* [WHAT THE TASK REQUIRES] Write out each line of the entries exactly, starting at the first and finishing with the line that contains "Hazel Coffee Table".

RECORD EXCERPTS section start

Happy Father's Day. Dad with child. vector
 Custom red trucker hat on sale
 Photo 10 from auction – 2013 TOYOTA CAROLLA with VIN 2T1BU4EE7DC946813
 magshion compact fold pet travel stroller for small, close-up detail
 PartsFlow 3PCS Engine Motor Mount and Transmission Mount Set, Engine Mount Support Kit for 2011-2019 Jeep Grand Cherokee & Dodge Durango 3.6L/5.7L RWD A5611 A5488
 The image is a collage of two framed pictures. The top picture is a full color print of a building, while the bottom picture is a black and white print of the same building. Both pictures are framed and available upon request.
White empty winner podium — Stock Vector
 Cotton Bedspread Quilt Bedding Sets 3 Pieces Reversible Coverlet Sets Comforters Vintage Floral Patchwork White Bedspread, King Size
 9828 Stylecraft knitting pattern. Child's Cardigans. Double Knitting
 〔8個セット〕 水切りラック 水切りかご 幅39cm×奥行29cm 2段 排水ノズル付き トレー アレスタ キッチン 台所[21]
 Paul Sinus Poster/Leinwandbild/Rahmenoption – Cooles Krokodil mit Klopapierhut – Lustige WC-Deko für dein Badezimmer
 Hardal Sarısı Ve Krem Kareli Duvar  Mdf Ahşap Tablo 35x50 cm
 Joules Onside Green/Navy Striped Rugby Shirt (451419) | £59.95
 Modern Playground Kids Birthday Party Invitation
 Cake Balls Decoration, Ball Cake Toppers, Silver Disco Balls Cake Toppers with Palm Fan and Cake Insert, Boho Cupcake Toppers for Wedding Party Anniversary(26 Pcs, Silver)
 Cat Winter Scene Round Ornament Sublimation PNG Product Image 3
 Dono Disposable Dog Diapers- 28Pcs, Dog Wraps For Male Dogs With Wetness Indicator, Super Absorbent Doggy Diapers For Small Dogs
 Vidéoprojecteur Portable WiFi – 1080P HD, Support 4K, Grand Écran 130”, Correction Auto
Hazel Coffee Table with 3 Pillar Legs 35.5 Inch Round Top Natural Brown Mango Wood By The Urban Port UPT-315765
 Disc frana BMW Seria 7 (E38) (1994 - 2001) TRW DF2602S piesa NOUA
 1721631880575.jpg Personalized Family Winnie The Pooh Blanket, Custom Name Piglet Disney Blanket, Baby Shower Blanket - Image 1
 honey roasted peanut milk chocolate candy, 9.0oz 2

RECORD EXCERPTS section end

* [TASK OUTPUT]
Happy Father's Day. Dad with child. vector
 Custom red trucker hat on sale
 Photo 10 from auction – 2013 TOYOTA CAROLLA with VIN 2T1BU4EE7DC946813
 magshion compact fold pet travel stroller for small, close-up detail
 PartsFlow 3PCS Engine Motor Mount and Transmission Mount Set, Engine Mount Support Kit for 2011-2019 Jeep Grand Cherokee & Dodge Durango 3.6L/5.7L RWD A5611 A5488
 The image is a collage of two framed pictures. The top picture is a full color print of a building, while the bottom picture is a black and white print of the same building. Both pictures are framed and available upon request.
White empty winner podium — Stock Vector
 Cotton Bedspread Quilt Bedding Sets 3 Pieces Reversible Coverlet Sets Comforters Vintage Floral Patchwork White Bedspread, King Size
 9828 Stylecraft knitting pattern. Child's Cardigans. Double Knitting
 〔8個セット〕 水切りラック 水切りかご 幅39cm×奥行29cm 2段 排水ノズル付き トレー アレスタ キッチン 台所[21]
 Paul Sinus Poster/Leinwandbild/Rahmenoption – Cooles Krokodil mit Klopapierhut – Lustige WC-Deko für dein Badezimmer
 Hardal Sarısı Ve Krem Kareli Duvar  Mdf Ahşap Tablo 35x50 cm
 Joules Onside Green/Navy Striped Rugby Shirt (451419) | £59.95
 Modern Playground Kids Birthday Party Invitation
 Cake Balls Decoration, Ball Cake Toppers, Silver Disco Balls Cake Toppers with Palm Fan and Cake Insert, Boho Cupcake Toppers for Wedding Party Anniversary(26 Pcs, Silver)
 Cat Winter Scene Round Ornament Sublimation PNG Product Image 3
 Dono Disposable Dog Diapers- 28Pcs, Dog Wraps For Male Dogs With Wetness Indicator, Super Absorbent Doggy Diapers For Small Dogs
 Vidéoprojecteur Portable WiFi – 1080P HD, Support 4K, Grand Écran 130”, Correction Auto
Hazel Coffee Table with 3 Pillar Legs 35.5 Inch Round Top Natural Brown Mango Wood By The Urban Port UPT-315765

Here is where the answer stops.